Barack Obama sembra non perdere occasione per far innervosire il tycoon che lo sostituirà alla Casa Bianca. Dopo una lunga lista di decisioni politiche prese, troppo in extremis, che Trump dovrà affrontare dal 20 gennaio, digerendole o stravolgendole, l’ultima è il farewell party che ieri ha illuminato i saloni della residenza presidenziale a Washington.

Fino a ieri pomeriggio aleggiava il mistero sulla lista delle celebrità invitate, scartabellata da quotidiani e riviste di costume. A salutare la famiglia Obama – che in un’intervista a People, il mese scorso, aveva parlato dell’intenzione di organizzare un ultimo party – sarebbero, però, andati in tanti, nomi noti dello star system mondiale, registi, attori, cantanti che negli ultimi otto anni hanno sostenuto le due campagne presidenziali di Obama e che oggi gli tributano un amaro saluto in vista del successore.

«Pronto a volare 21 ore verso DC per dire addio al più grande presidente della storia americana», scriveva su Twitter il rapper di Chicago Lil Chano from 79th. Stella tra un gran mucchio di stelle: Samuel L. Jackson, Oprah Winfrey e David Letterman, Stevie Wonder e Paul McCartnery, George Lucas e J.J. Abrams, Bruce Springsteen e Eddie Vedder, Bradley Cooper, Beyoncé e il marito Jay Z (che avrebbero cantato per Barack e Michelle). Da qui la confisca dei cellulari all’ingresso, una delle poche indiscrezioni che uscivano ieri dalla sicurezza della Casa Bianca.

Al popolo americano Obama parlerà il 10 gennaio a Chicago, con un ultimo messaggio a cui lasciare in dote la propria eredità politica, nella quale tanti avevano sperato nel novembre 2008 e rimasta parzialmente disattesa. Un’immagine oggi più sfocata di allora che era stata riassunta nel copiatissimo slogan «Yes, we can» e nel richiamo al sogno di un mondo più democratico. Obama l’ha ampiamente spesa nei mesi di campagna elettorale per la Clinton, nell’idea che oltre ai risultati politici resti l’importanza di una comunicazione educativa alternativa. Ma senza successo.

E qui interviene a gamba tesa il futuro presidente: se le star mi snobbano, io ripiego sulla gente. Così in un tweet Trump ha provato a non dare importanza all’infruttuosa caccia alle stelle in corso da un mese per la festa di inaugurazione prevista per il 20 gennaio: «Guarda cosa ha fatto la cosiddetta ‘A’ list di celebrità per Hillary, niente. Io voglio la gente». «Questa non è Woodstock», ha aggiunto il direttore delle comunicazioni del comitato inaugurale, Boris Epshteyn.

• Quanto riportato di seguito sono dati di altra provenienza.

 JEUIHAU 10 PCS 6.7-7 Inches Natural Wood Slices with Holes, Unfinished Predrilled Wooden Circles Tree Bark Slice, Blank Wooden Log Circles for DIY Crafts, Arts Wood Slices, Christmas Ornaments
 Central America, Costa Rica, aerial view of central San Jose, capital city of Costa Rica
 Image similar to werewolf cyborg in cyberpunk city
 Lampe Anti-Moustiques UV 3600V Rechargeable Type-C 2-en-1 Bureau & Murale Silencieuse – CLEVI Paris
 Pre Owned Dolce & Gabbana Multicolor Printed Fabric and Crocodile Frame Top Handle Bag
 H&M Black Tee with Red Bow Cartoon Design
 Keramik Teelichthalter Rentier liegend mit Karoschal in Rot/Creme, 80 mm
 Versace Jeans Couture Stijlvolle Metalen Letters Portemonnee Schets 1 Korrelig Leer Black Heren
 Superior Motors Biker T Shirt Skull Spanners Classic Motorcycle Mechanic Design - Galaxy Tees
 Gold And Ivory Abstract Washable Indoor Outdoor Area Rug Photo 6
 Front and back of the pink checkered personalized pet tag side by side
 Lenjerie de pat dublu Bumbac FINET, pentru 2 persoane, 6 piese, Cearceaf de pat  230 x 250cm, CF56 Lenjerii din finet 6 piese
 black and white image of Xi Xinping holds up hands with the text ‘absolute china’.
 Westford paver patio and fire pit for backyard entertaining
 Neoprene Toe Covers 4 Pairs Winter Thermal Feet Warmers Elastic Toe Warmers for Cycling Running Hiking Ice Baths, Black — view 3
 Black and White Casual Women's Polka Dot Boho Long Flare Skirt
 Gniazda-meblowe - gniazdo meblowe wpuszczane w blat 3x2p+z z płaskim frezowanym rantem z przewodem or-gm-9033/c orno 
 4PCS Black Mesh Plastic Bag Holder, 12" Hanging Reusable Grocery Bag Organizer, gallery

Al momento gli unici ad aver confermato la propria presenza sono i 360 membri del Mormon Tabernacle Choir (non la cantante Jan Chamberlin che ha mollato il coro per protesta) e la finalista 16enne del programma tv American Idol, Jackie Evancho. Mal di pancia anche all’interno del Radio City Rockettes, storico corpo di ballo che dovrebbe esibirsi ma che teme di danneggiare la propria immagine mettendola a disposizione di un modello di intolleranza. Non vogliono ballare ma sarebbero contrattualmente obbligati.

La cantante Rebecca Ferguson, chiamata ad esibirsi per Trump, ha dato la disponibilità. Ad una condizione, però: cantare Strange Fruits, inno contro il razzismo e il linciaggio dei cittadini afroamericani, per la prima volta portato sulla scena alla fine degli anni ’30 da Billie Holiday. Un pugno allo stomaco per la xenofobia che il tycoon incarna: più che un endorsement, la Ferguson porterebbe sul palco una sfida.

E nei giorni scorsi è arrivato il «no, grazie» del giovane trio italiano Il Volo, molto noto negli Stati Uniti: hanno rifiutato, dicono, perché «non possiamo appoggiare un uomo che ha basato la sua ascesa politica sul populismo oltre che su atteggiamenti xenofobi e razzisti».